• **Brief**:
Only one span of the listing below is wanted: the lines from the one with "Chibi Wolf Helm" through the one with "Hugo Boss black", reproduced exactly, both ends kept.

• **Source material**:
------------------------------------------------------------------------

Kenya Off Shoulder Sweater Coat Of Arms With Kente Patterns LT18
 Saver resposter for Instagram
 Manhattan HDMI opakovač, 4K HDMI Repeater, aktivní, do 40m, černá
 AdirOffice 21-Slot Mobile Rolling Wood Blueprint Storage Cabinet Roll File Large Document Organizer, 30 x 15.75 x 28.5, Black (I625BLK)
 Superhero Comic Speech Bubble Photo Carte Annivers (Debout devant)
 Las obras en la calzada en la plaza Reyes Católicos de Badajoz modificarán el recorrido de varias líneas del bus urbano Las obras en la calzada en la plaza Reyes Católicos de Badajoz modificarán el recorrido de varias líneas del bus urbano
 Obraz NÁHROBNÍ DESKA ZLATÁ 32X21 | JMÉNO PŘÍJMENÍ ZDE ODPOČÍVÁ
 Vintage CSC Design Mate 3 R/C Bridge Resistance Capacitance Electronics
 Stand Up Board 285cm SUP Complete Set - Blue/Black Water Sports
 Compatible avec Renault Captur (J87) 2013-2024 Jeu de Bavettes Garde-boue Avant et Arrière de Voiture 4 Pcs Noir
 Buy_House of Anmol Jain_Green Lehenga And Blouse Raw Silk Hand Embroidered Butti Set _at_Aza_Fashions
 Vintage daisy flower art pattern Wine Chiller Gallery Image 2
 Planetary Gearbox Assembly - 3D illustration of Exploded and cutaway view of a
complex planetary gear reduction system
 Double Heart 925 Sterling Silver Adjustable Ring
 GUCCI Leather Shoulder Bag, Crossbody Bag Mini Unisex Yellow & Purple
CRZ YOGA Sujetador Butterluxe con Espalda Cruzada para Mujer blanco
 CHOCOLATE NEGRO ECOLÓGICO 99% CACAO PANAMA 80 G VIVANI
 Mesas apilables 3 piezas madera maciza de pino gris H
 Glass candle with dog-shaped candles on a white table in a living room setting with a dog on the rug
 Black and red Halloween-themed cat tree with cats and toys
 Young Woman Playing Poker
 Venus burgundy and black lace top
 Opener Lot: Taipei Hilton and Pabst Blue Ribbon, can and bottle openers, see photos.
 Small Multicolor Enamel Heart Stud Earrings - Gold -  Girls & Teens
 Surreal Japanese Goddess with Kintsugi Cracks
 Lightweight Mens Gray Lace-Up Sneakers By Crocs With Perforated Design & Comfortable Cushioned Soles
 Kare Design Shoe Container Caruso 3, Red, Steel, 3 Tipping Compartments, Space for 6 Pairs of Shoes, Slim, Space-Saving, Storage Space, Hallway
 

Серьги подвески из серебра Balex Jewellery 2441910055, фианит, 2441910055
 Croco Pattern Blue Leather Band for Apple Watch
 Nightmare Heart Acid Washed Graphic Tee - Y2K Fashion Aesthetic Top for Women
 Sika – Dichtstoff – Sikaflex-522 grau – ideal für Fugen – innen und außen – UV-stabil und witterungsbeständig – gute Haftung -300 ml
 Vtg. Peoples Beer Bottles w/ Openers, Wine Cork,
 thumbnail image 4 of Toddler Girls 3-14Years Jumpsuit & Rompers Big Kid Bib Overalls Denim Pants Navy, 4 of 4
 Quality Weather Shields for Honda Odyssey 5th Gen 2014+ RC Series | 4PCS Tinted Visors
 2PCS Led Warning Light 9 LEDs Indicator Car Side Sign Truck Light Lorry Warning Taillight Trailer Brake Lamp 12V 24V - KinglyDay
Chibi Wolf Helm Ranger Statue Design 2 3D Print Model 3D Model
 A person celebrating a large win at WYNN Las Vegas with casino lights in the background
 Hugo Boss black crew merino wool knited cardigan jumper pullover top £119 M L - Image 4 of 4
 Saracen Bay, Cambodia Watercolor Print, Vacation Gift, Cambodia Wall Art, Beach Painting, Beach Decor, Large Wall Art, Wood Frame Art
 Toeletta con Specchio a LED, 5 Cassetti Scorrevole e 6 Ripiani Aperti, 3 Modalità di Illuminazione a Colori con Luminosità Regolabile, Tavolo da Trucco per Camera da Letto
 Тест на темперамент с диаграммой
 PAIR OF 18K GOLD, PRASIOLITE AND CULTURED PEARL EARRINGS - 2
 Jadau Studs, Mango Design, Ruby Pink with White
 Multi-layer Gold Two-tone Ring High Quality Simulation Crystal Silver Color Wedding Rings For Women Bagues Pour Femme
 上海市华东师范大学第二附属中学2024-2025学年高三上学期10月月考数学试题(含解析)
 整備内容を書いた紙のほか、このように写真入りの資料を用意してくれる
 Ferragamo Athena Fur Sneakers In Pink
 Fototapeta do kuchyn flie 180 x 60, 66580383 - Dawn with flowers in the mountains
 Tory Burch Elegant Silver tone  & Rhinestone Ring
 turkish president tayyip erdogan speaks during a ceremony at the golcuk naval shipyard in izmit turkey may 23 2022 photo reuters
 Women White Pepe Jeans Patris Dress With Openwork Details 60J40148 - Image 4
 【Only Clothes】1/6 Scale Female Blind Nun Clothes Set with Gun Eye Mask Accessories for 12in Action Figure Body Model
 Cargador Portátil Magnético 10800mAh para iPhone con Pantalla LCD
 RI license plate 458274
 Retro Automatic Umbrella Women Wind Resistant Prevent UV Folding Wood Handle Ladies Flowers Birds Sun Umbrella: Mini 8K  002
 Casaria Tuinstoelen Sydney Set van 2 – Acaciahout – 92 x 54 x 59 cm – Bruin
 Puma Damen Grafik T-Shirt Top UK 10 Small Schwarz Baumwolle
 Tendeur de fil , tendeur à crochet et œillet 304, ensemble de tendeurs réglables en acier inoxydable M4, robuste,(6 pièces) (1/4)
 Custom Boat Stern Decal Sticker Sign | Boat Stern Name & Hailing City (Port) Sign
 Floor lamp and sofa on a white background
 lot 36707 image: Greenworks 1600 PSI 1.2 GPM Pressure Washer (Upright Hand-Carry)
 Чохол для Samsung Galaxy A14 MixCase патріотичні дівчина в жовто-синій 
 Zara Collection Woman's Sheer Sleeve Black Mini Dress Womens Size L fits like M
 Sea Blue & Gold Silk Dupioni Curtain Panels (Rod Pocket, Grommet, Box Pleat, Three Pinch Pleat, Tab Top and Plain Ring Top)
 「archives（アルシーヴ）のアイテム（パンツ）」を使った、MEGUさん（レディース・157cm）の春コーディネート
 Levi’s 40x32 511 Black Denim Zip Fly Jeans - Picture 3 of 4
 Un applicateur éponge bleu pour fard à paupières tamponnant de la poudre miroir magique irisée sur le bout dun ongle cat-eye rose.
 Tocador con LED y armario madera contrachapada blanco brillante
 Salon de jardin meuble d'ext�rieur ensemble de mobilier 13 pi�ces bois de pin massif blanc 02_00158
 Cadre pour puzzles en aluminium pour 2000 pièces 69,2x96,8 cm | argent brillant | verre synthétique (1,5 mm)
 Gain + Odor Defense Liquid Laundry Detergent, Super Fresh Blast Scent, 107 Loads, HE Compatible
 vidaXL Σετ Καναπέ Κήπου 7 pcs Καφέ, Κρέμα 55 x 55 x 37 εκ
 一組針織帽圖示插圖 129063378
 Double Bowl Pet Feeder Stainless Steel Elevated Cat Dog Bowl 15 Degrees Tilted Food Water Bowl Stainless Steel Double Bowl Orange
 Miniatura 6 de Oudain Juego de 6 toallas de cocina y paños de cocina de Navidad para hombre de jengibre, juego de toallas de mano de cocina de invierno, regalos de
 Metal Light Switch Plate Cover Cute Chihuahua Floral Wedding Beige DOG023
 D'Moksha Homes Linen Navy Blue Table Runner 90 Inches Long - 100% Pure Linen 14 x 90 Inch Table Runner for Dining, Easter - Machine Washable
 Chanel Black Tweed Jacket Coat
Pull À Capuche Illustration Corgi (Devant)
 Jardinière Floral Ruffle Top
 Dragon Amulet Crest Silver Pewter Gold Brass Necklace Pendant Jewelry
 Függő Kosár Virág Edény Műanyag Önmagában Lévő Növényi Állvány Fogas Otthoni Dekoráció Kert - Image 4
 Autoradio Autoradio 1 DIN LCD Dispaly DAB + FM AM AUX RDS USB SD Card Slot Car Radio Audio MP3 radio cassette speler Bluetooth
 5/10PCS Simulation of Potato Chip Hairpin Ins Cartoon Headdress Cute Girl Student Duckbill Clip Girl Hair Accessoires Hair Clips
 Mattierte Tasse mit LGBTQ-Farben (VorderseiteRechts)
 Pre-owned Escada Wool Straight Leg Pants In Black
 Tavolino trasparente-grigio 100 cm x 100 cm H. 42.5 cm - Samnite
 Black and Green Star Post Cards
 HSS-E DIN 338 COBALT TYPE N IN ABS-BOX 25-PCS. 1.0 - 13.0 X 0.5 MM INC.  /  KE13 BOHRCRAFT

------------------------------------------------------------------------

• **Solution for this exercise**:
Chibi Wolf Helm Ranger Statue Design 2 3D Print Model 3D Model
 A person celebrating a large win at WYNN Las Vegas with casino lights in the background
 Hugo Boss black crew merino wool knited cardigan jumper pullover top £119 M L - Image 4 of 4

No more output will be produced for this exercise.